The good news: Ticketmaster is experimenting with dropping the “convenience fees” that can potentially mark up the tickets it sells as much as 75%. The bad news: This experiment, right now, is restricted to fans of the freaking Eagles, thanks in part to the deal two weeks ago that brought the ticketing behemoth together with Irving Azoff’s Frontline Management. Which just happens to manage Don Henley & Co.
Tickets to the country-rock band’s Jan. 17 concert at North Carolina’s Greensboro Coliseum went on sale Nov. 7 under a banner that announced: “This is a no-fee event! The price you see is the price you pay.” The tickets for the concert cost $60 to $190, about the same face value as tickets to other Eagles concerts on the tour, which runs through January. Such fees would add $18 to a $185 ticket at the tour’s Hershey, Pa., stop.
Convenience charges are typically split between Ticketmaster and venue owners, with pieces sometimes going to artists and promoters. The justification for them is that buying tickets from Ticketmaster is more convenient than going to a venue box office.
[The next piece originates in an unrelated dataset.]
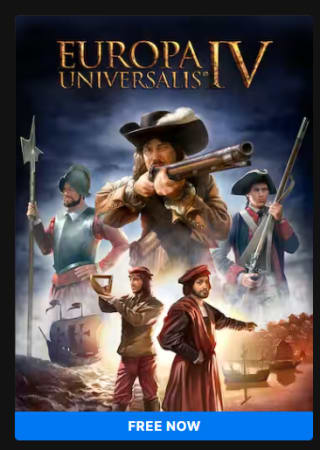 Europa Universalis IV gratis bij Epic games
In the conference call announcing quarterly earnings, Ticketmaster President Sean Moriarty said the Jan. 17 concert represented the company’s “first foray” into so-called all-in ticketing. It isn’t clear whether in the future such no-fee tickets will simply build the old convenience charges into the price of the ticket. Mr. Azoff didn’t speak during the call and wasn’t available immediately afterward to discuss the development.
What’s most amazing about this? Ticketmaster isn’t even charging people for the “privilege” of printing their tickets at home on this stop. (Which makes you wonder: Did that money go to the artists and promoters too, or was there just some complicated kickback scheme that hooked Ticketmaster up with manufacturers of printer ink?) I suspect that right now, the cozy corporate structure Ticketmaster and Frontline have built for themselves will mean this experiment will be restricted for now to Azoff’s clients–Guns N’ Roses, you’re next–but if a company that, for so long, has seemingly gone to great pains to make its consumers really really mad at it can now cast itself in a “we understand the economy sucks, so we’re going to drop our fees for you” light, we may see one of the greatest corporate makeovers ever. Shoot, it could even be the hook for a great remake of Mr. Mom!